Regarding the parsing: as I suggested in my email, but perhaps was unclear, in 
case of two conflicting *purely syntactic* interpretations (without using any 
type information), you could just choose the more high-frequency interpretation 
(i.e., type parameters) and force the programmer to use additional parens if 
they actually want the other interpretation.

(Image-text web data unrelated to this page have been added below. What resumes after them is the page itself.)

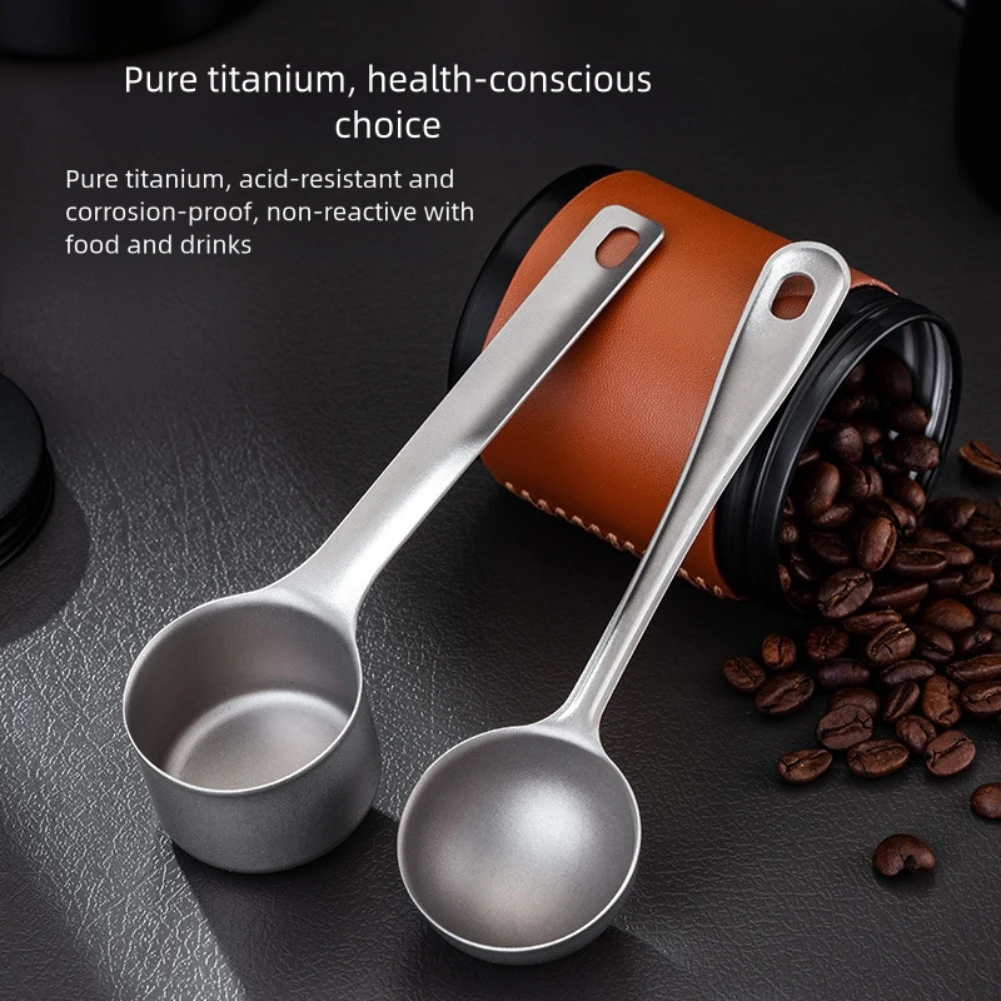 Titanium Tablespoon Coffee Scoop with Long Handle Suitable for Accurate and Consistent 1 Tablespoon Coffee Brewing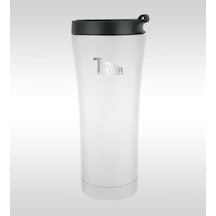 Kişiye Özel 3564 Beyaz Paslanmaz Çelik Termos Mug 500 ML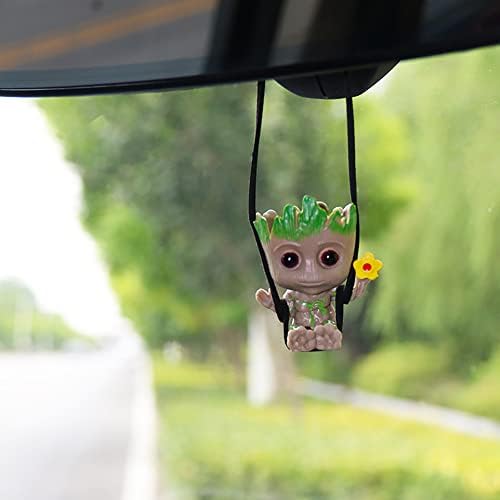 Car Hanging Ornament with Little Tree Man Design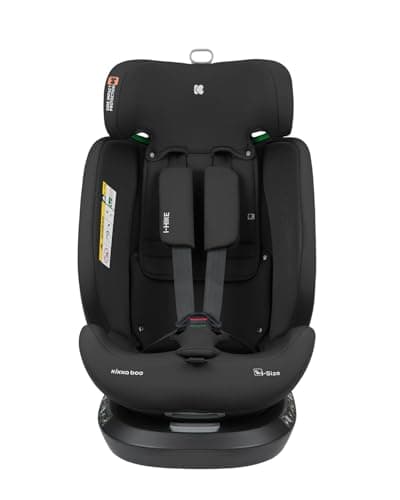 Kikkaboo siège enfant i-Size i-Hike noir ISOfix pivotant 360° ajustable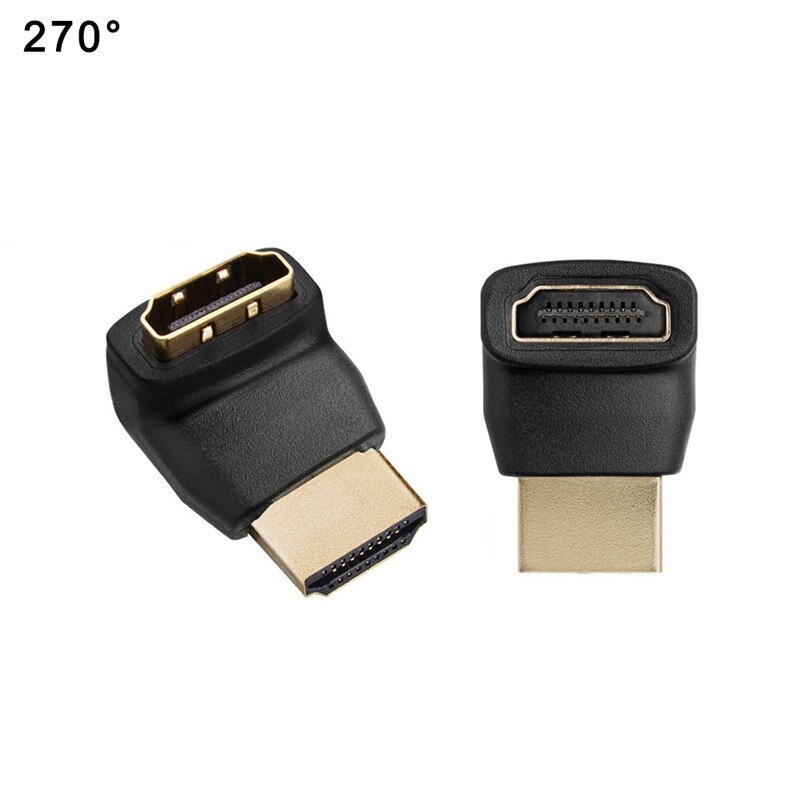 Hdmi-kabel Adapter Converters Extender 270/90 Graden HDMI Man HDMI Vrouwelijke voor 1080 P HDTV Kabel Adapter Converter: 270 degree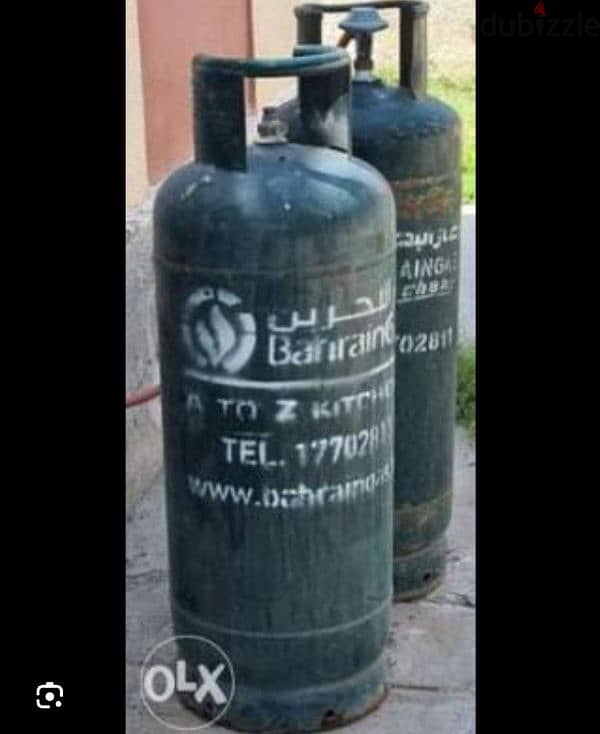 Bahrian gas 1 full gas 1 with regulator 50 bd both each 25 0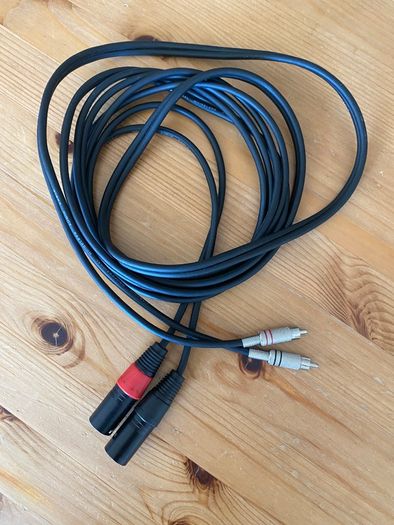 Dual RCA to XLR Male Lead 3 Metres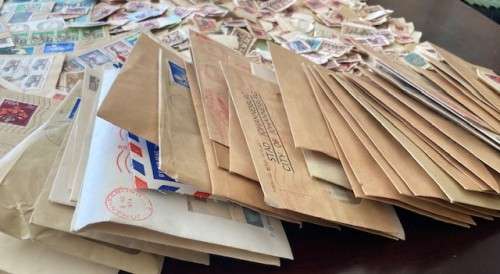 BULKLOT SALE - South Africa mixture on paper. Lots of stamps and postmarks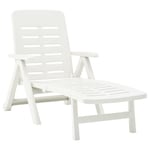 Pwshymi-Chaise longue pliable Plastique Blanc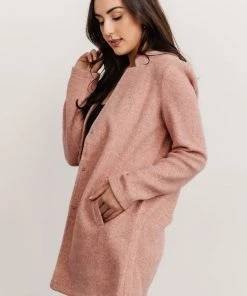 BS Tops Knoll Notch Jacket | Vintage Rose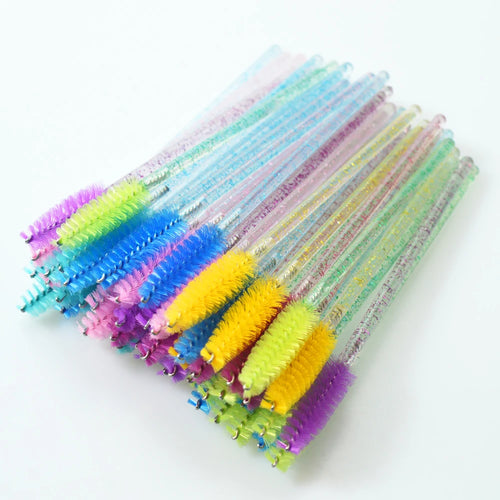  50pcs Eyelash Brush Makeup Tools Set cashymart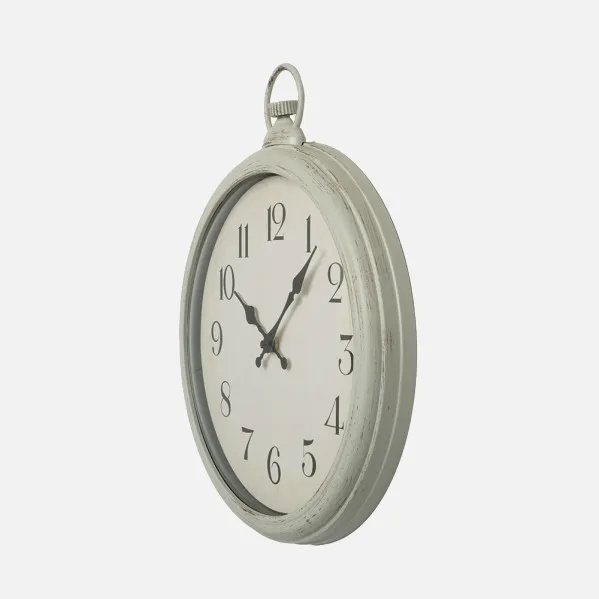 Reloj De Pared Epoca Blanco 41x35x5cm Mov.continuo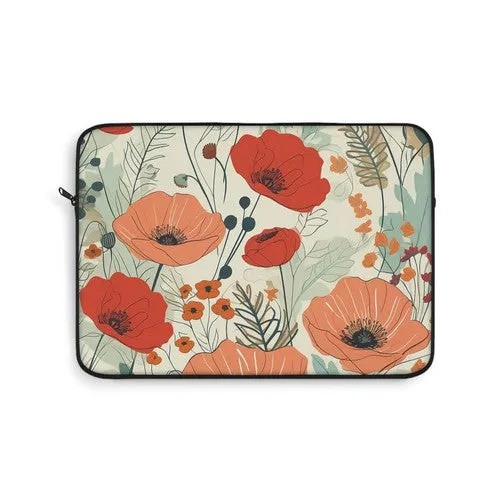 Laptop Sleeve: Colorful Poppies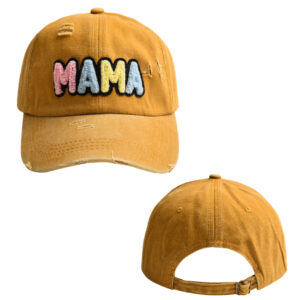 Turmeric-Color MAMA Baseball Cap-Adult / free size-Adjustable
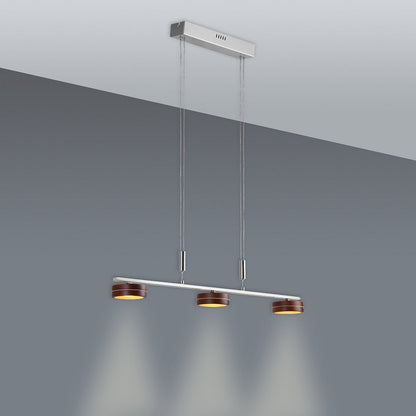 LED-drievoudige hanglamp "Triberg"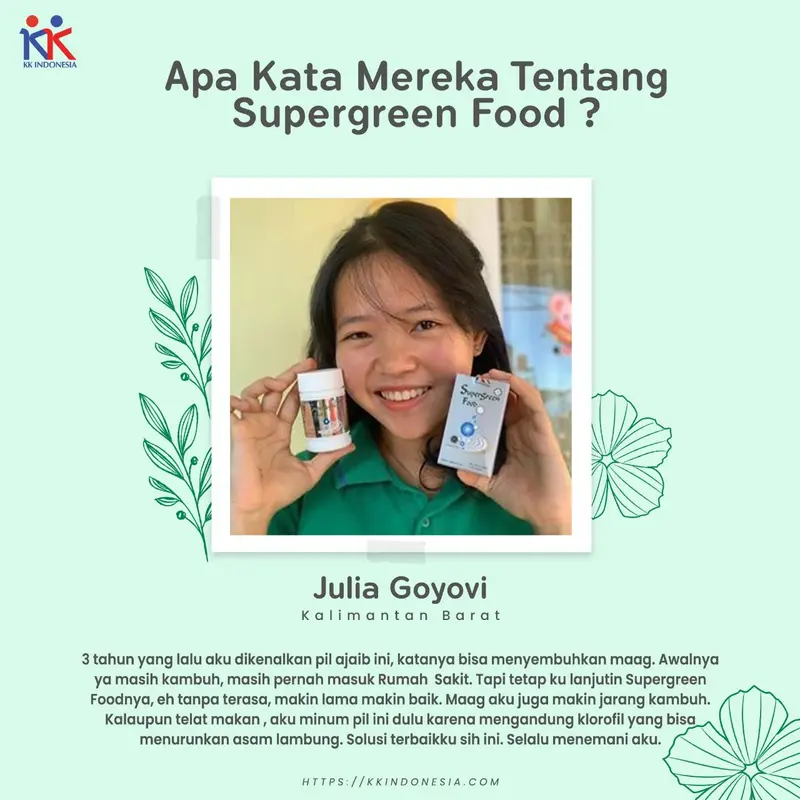 Supergreen Food SGF Suplemen Chlorella Spirulina Alami (50 Tab) 3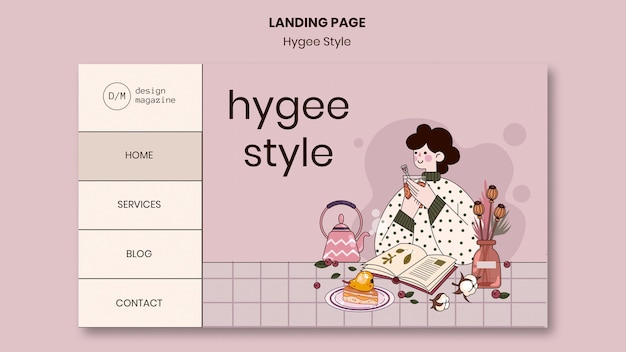 Hygge style web template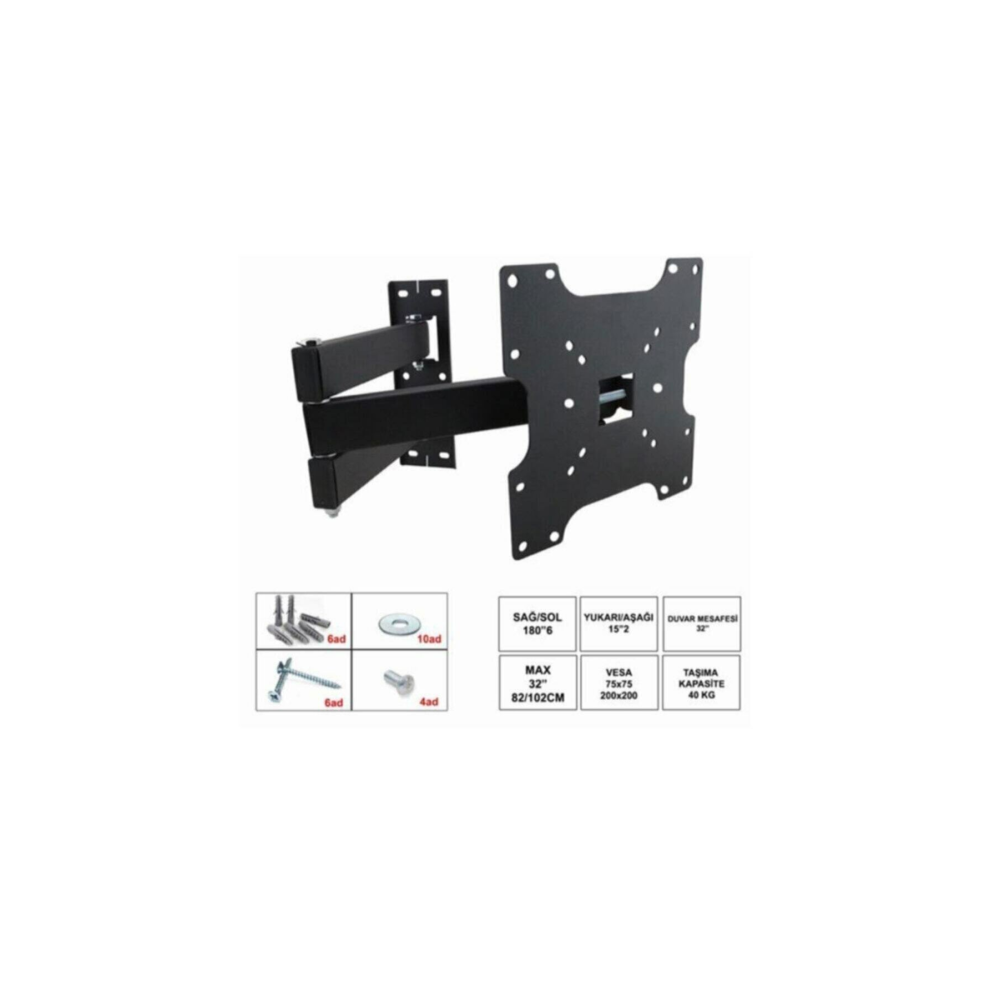 Technozi F4 32kh 32 Inç 55-82 Cm Iki Kol Kelebek Hareketli Askı Aparatı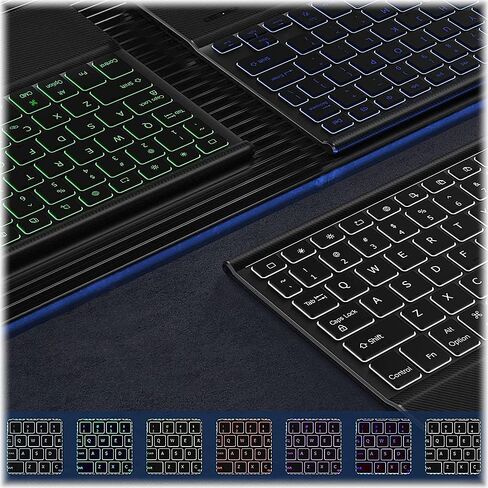 حافظة لوحة مفاتيح بلوتوث للحماية من SaharaCase مع لوحة ماوس لجهاز Apple iPad مقاس 10.9 بوصة (الجيل العاشر 2022) [ممتص للصدمات] مسند مدمج للحماية القوية ومضاد للانزلاق - أسود in Saudi Arabia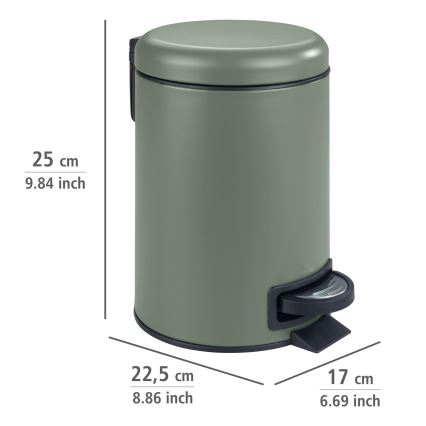 WENKO 24636100 - Mand LEMAN 17x25 cm groen/zwart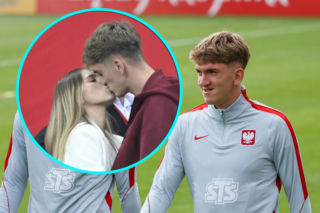 Ulala! Wojciech Mońka dostał gorącego buziaka od ślicznej ukochanej. Teraz czeka go kluczowy bój z Włochami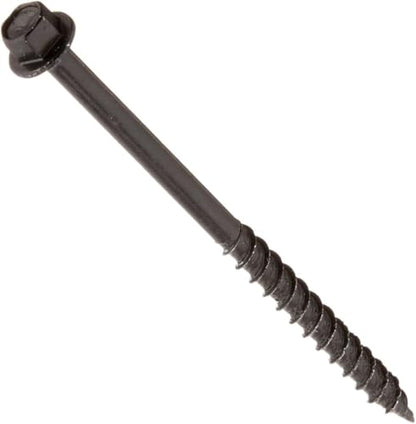 Power Pro Landscape Screws, 1/4in x 4in, 50 Pack, Black - size: 1/4" x 4"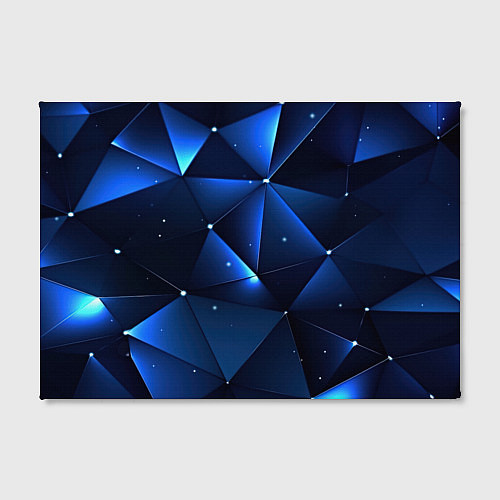 Картина прямоугольная Синяя геометрическая абстракция / 3D-принт – фото 2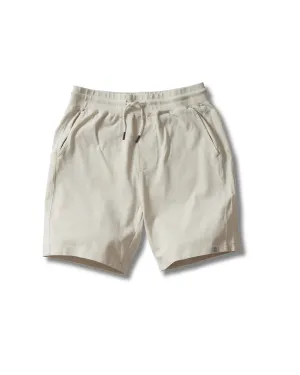 Elevated Jersey Draw Cord Shorts 8" - Light Pebble cheering section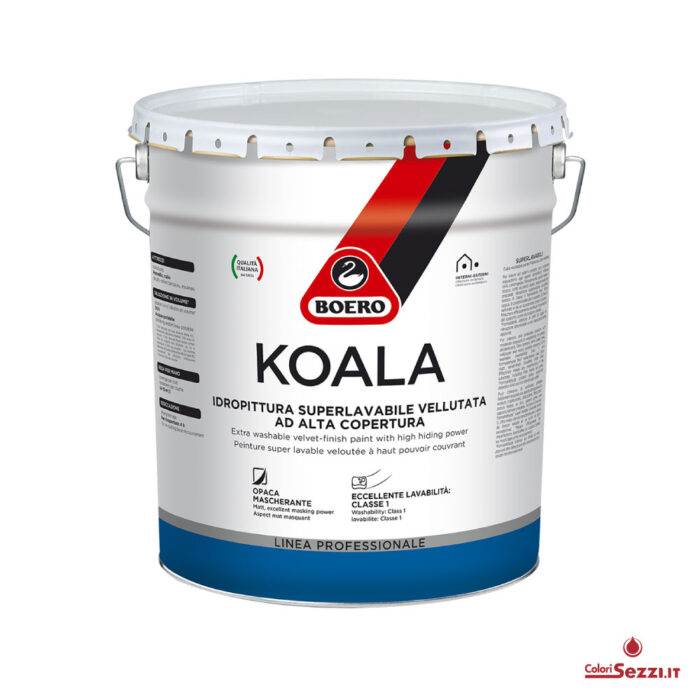Koala idropittura superlavabile Boero linea professionale
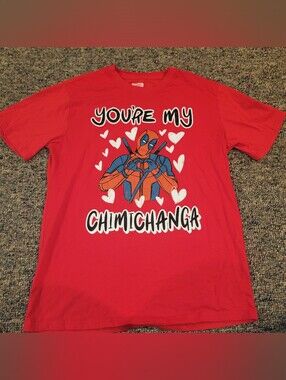 Marvel Red Deadpool 'You're My Chimichanga' Graphic Tee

So in the case of the example, w < x, y > (z) is *automatically, syntactically* 
interpreted as a function call using 2 type parameters, and if you want it to 
be two different relational expressions, you have to wrap them in parens: (w < 
x), (y > (z))

This latter use is likely to be vanishingly rare (someone could run their code 
analysis on it), so this seems like a small inconvenience.  Maybe there are 
other such conflicts?  If this is the only one, I don't think it is sufficient 
to rule out the use of < >.

My mention of the point about gofmt was just that it should get rid of the 
seemingly redundant extra paren around (z), but I just tried it and apparently 
it does not, even with gofmt -s.  Anyway, the above point stands: you CAN parse 
< > correctly by just making purely syntactic choices in the case of conflicts, 
and this applies to all Go tools using the same purely syntactic parsing pass.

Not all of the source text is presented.